Budapest, Hungary (2010)
In 2010, a heterosexual pride march was held in Budapest.  Following the route of an earlier gay pride parade, one hundred people participated including two politicians.  The march's stated goal was to prevent future use of public spaces by homosexuals for gatherings.

São Paulo, Brazil (2011)
In August 2011, the city council of São Paulo, Brazil, designated the third Sunday in December as  ().  Debate in Brazil over this decision was intense. Evangelical supporter Carlos Apolinário, who previously tried to ban São Paulo Gay Pride Parade, told reporters that his idea was "not anti-gay, but a protest against the privileges the gay community enjoys". The Brazilian Lesbian, Gay, Bisexual, and Transgender Association criticized this claim, arguing "it could provoke homophobic violence."

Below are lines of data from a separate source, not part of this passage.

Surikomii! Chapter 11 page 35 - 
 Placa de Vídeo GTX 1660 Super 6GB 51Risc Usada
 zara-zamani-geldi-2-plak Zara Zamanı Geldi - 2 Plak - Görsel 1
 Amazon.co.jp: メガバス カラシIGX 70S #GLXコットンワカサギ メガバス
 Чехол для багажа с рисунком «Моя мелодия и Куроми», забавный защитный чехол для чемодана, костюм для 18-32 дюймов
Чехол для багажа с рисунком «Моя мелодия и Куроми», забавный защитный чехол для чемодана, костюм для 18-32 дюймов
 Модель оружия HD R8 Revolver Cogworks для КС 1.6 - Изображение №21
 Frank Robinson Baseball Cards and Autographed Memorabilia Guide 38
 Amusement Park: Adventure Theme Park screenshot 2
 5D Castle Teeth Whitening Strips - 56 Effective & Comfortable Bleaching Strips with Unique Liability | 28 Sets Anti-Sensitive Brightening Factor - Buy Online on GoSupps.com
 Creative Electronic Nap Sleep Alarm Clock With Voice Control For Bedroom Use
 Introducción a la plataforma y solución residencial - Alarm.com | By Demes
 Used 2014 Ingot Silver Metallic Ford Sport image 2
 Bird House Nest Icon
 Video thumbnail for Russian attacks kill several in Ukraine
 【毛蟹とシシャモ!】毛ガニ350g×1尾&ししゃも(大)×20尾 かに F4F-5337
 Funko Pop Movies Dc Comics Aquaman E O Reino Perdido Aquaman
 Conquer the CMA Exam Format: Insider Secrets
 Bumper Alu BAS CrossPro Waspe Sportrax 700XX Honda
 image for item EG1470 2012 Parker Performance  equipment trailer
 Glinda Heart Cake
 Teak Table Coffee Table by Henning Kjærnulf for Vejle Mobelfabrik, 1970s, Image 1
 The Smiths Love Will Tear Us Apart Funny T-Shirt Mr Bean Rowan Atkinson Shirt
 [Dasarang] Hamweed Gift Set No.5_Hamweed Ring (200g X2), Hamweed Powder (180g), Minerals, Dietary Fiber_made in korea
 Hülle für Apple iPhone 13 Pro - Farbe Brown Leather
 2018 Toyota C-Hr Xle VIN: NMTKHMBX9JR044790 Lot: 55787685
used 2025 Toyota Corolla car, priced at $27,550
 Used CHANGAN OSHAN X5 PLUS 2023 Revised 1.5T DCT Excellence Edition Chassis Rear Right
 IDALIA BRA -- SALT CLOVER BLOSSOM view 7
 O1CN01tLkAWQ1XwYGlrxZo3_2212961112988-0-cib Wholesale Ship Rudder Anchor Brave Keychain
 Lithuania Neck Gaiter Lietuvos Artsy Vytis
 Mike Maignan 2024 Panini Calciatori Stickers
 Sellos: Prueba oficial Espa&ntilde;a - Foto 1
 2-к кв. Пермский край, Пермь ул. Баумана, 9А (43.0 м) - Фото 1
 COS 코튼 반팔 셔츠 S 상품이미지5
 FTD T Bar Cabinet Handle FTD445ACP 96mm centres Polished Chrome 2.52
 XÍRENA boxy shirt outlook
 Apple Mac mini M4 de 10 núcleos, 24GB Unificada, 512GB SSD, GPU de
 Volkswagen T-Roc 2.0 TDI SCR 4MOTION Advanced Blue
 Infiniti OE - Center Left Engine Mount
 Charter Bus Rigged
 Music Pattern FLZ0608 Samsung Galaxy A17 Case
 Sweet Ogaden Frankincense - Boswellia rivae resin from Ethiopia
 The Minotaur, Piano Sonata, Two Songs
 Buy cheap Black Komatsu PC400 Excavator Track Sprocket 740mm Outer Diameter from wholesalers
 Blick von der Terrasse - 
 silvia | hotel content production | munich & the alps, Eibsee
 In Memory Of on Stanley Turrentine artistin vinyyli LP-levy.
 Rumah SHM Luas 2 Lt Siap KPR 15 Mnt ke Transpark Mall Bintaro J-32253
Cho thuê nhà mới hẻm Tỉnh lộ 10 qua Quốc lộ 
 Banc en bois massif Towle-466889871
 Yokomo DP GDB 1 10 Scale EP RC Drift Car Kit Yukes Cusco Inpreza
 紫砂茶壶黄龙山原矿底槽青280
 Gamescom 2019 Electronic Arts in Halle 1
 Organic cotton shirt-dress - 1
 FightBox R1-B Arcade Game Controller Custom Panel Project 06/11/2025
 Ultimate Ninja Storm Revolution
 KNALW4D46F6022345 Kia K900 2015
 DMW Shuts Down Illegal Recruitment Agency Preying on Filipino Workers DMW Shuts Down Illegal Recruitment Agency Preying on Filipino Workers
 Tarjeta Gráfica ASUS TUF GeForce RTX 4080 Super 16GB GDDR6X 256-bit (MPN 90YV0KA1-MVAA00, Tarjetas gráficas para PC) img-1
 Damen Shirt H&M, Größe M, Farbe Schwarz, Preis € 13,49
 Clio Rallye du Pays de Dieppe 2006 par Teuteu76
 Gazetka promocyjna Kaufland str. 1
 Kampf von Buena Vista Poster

Chipman, New Brunswick, Canada (2018)

In October 2018, Chipman, New Brunswick resident Glenn Bishop put up a straight pride flag, which was taken down a short while later by LGBTQ people.  Hoisting the straight flag was likened to "putting up a swastika" by local Margaret Clark.  The flag drew further protests.

San Francisco Bay Area, California, United States (2019)
Don Grundmann, a Bay Area chiropractor, founded the National Straight Pride Coalition (NSPC) in Spring of 2019 for "protecting traditional gender roles, Christianity, heterosexuality, Western Civilization, babies, and the contributions of whites to Western Civilization from the malevolence of the homosexual movement." Grundmann had previously founded Citizens Against Perversion and American Warrior Ministry. The NSPC's first event was planned to be at Modesto, California's Mancini Bowl, the Graceada Park amphitheater, but the permit was denied for safety and compatibility issues, and because their insurance was voided. After failing again to get the needed insurance for a public venue because of the nature of their event, they moved the rally to a private space but were shut down by the owners when they were alerted the event was live streaming and more counter-protesters would likely arrive. The owners were unaware of the nature of the event or group and have disavowed their involvement. After the rally was kicked out of the private venue, they moved to the parking lot of the area's Planned Parenthood, which was closed. "Grundmann had predicted some 500 attendees, but reports put the number closer to 20." Counter-protestors outnumbered participants ten-to-one.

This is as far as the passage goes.